### Available data ###

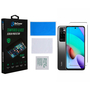 Стекло защитное BeCover Xiaomi Redmi 10 2022 / 10 Prime 2022 Crystal Clear Glass (707863) - 1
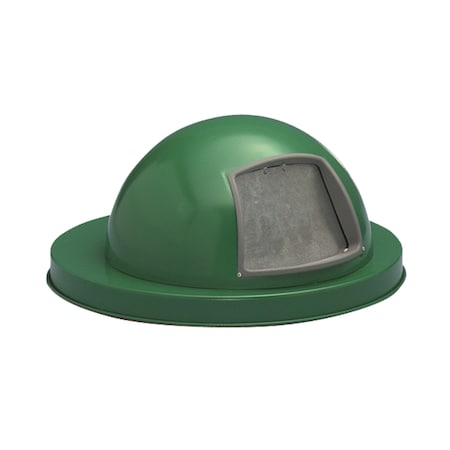Witt Industries Outdoor Dome Cover, Green 5555GN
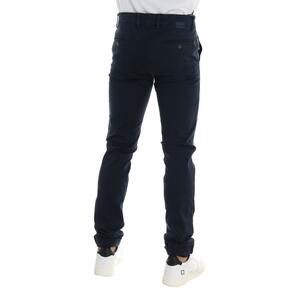 PANTALONE MALLARD CIGARETTE MAISON CLOCHARD - Mad Fashion | img vers.300x/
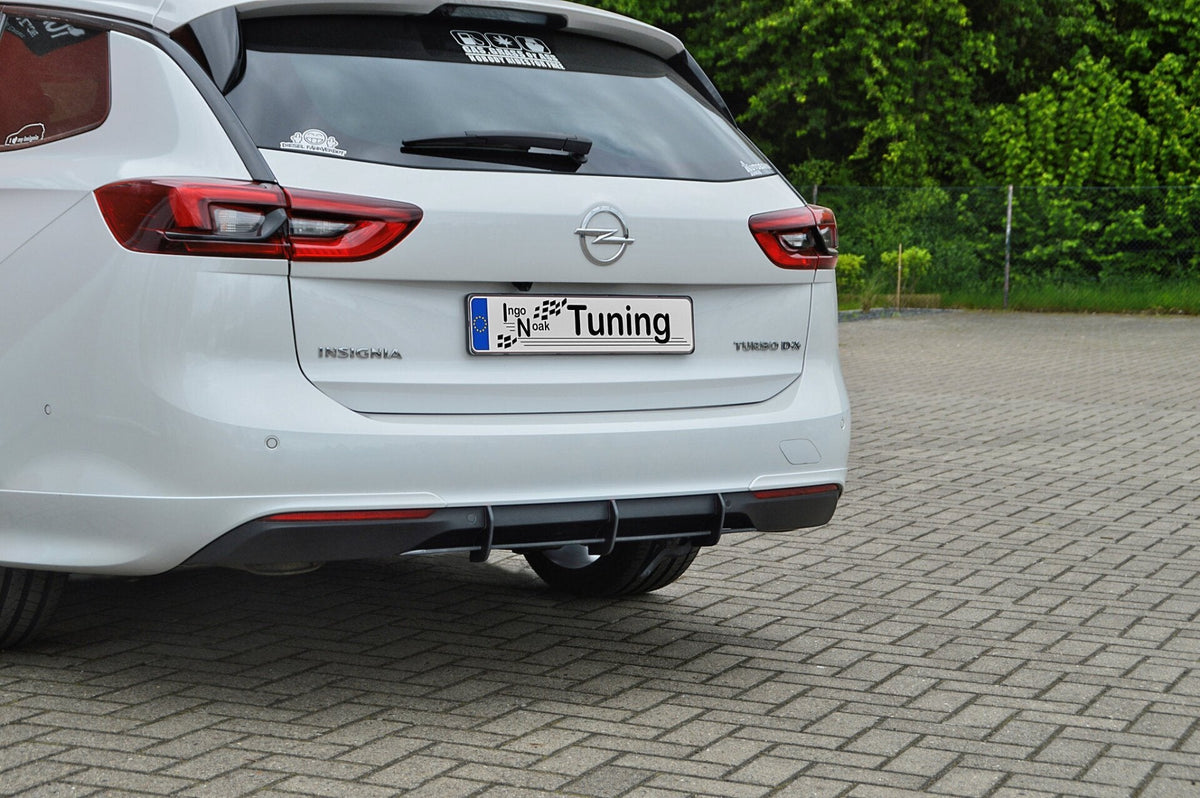 Bodykit für Opel Insignia B OPC-Line Sportstourer BJ.2017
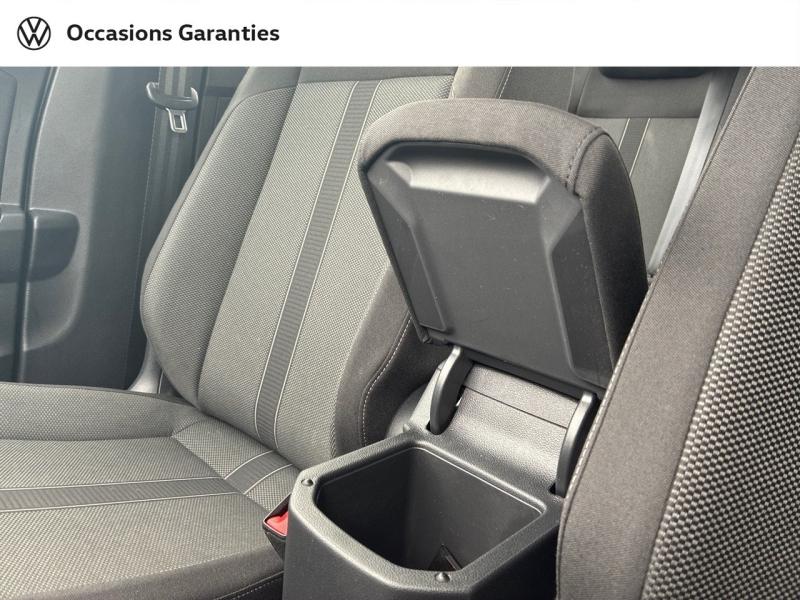 Voitures occasions VOLKSWAGEN T-ROC Life Business Clermont-Ferrand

###

Reproduce every line above word for word; no images.

 Стекло защитное BeCover Xiaomi Redmi 10 2022 / 10 Prime 2022 Crystal Clear Glass (707863) - 1
Witt Industries Outdoor Dome Cover, Green 5555GN
 PANTALONE MALLARD CIGARETTE MAISON CLOCHARD - Mad Fashion | img vers.300x/
 Bodykit für Opel Insignia B OPC-Line Sportstourer BJ.2017
 Voitures occasions VOLKSWAGEN T-ROC Life Business Clermont-Ferrand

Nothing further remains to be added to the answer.